Astronomers Map One of the Universe's Largest Known Structures, Hidden Behind the Milky Way
TL;DR
An international team led by the University of Cape Town has produced the first full map of the Vela Supercluster — a colossal mass concentration of 33.8 × 10¹⁶ solar masses stretching 300 million light-years across, hidden for decades behind the Milky Way's Zone of Avoidance. The mapping, achieved through a novel hybrid technique combining 65,000 galaxy distances with 8,000 new radio and optical observations from South Africa's MeerKAT and SALT telescopes, reveals a structure that rivals the Shapley Concentration and may help explain the anomalous motion of our Local Group of galaxies.
Behind the Milky Way's Curtain: How Astronomers Finally Mapped the Vela Supercluster, One of the Universe's Largest Hidden Structures
For a decade, astronomers knew something enormous lurked behind the dense band of stars and dust that forms the Milky Way's disk.
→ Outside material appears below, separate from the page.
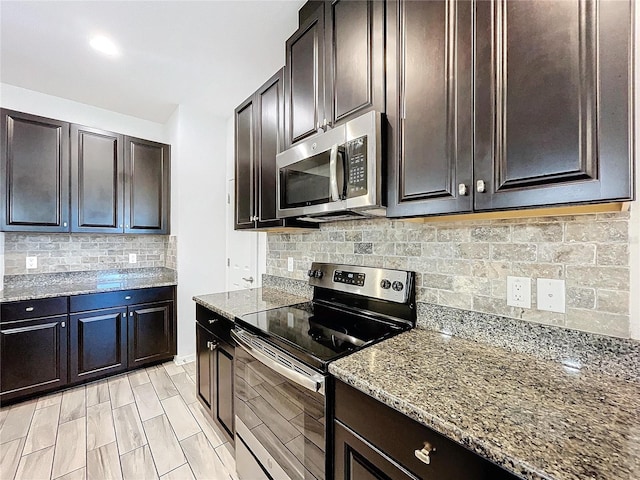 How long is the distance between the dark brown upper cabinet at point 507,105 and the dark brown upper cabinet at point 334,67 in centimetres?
8

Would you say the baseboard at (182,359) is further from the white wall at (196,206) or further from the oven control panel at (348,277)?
the oven control panel at (348,277)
In March 2026, they finally saw it clearly. An international research team published the first comprehensive map of the Vela Supercluster — a structure containing mass equivalent to roughly 30 million billion suns, sprawling across 300 million light-years of space, and located about 800 million light-years from Earth .
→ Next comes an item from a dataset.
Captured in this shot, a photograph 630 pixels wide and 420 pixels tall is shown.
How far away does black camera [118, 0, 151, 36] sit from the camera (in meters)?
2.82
The findings, submitted to the journal Astronomy & Astrophysics and posted to the arXiv preprint server on March 10, 2026, represent the culmination of more than ten years of observations aimed at piercing the Milky Way's so-called "Zone of Avoidance" — the swath of sky where our own galaxy's gas, dust, and stars block the view of everything behind it .
The Zone of Avoidance: A Blind Spot in Our Map of the Universe
The Zone of Avoidance (ZoA) is not a physical region of space but an observational limitation. The Milky Way's galactic plane, rich with interstellar dust and billions of foreground stars, attenuates and scatters light from distant galaxies. At optical wavelengths, this obscuration blocks roughly 20% of the extragalactic sky . That means one-fifth of the cosmic web — the vast network of galaxy filaments, clusters, and voids that constitutes the large-scale structure of the universe — has remained partially or entirely unmapped.
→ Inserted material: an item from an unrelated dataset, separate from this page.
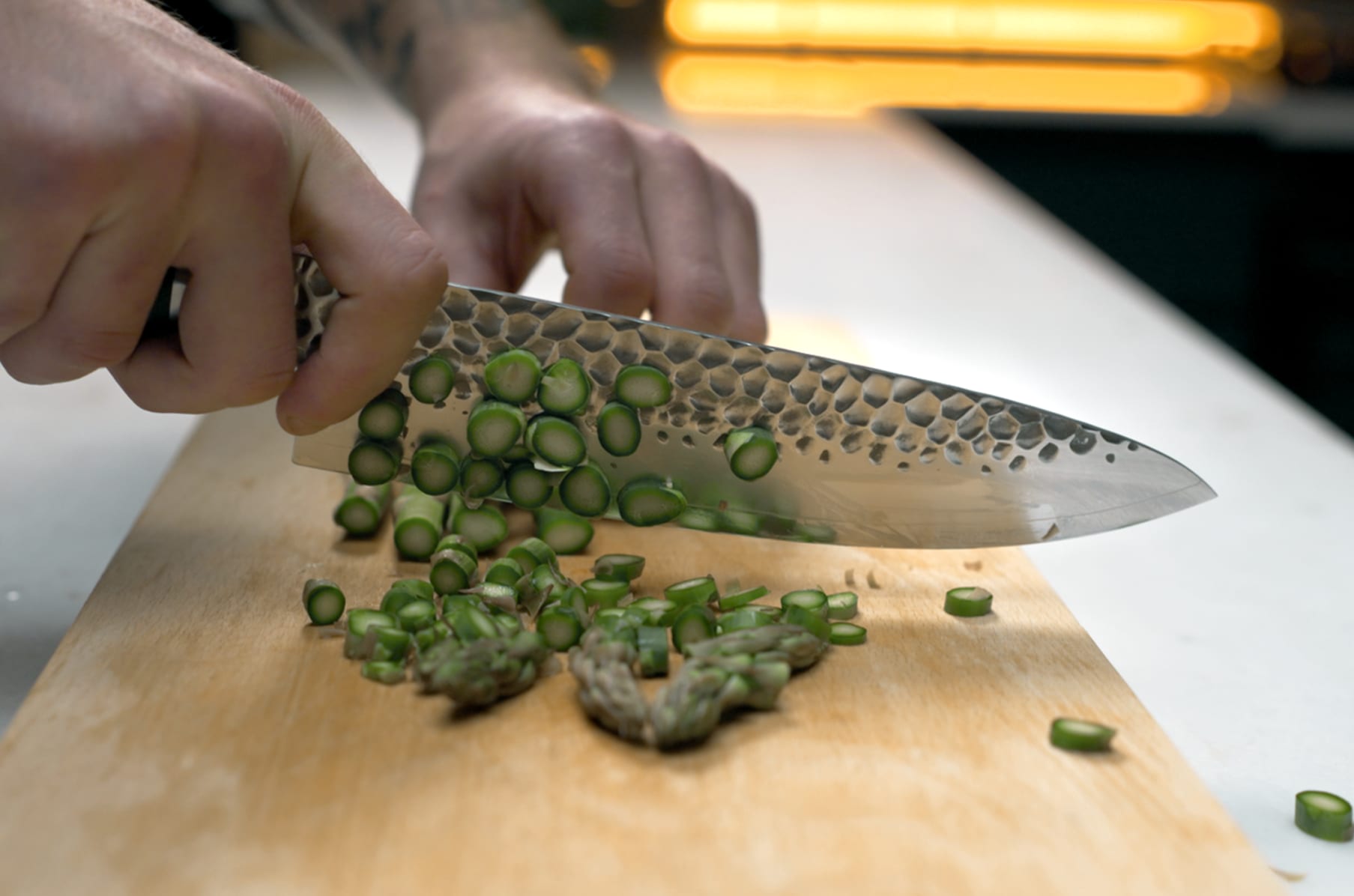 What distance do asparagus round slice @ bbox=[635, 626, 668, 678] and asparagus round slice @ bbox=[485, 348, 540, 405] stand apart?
316 millimetres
The problem is not uniform. At the galactic equator, extinction can exceed 10 magnitudes in visible light, making optical detection of background galaxies essentially impossible . Infrared surveys like the Two Micron All Sky Survey (2MASS) reduced this blind spot substantially, since longer wavelengths penetrate dust more effectively, but even near-infrared observations fail in the most heavily obscured central strip . Radio wavelengths, particularly the 21-cm emission line of neutral hydrogen (H I), pass through the Milky Way's dust almost entirely, but radio surveys have historically lacked the sensitivity and resolution to detect faint, distant galaxies in bulk .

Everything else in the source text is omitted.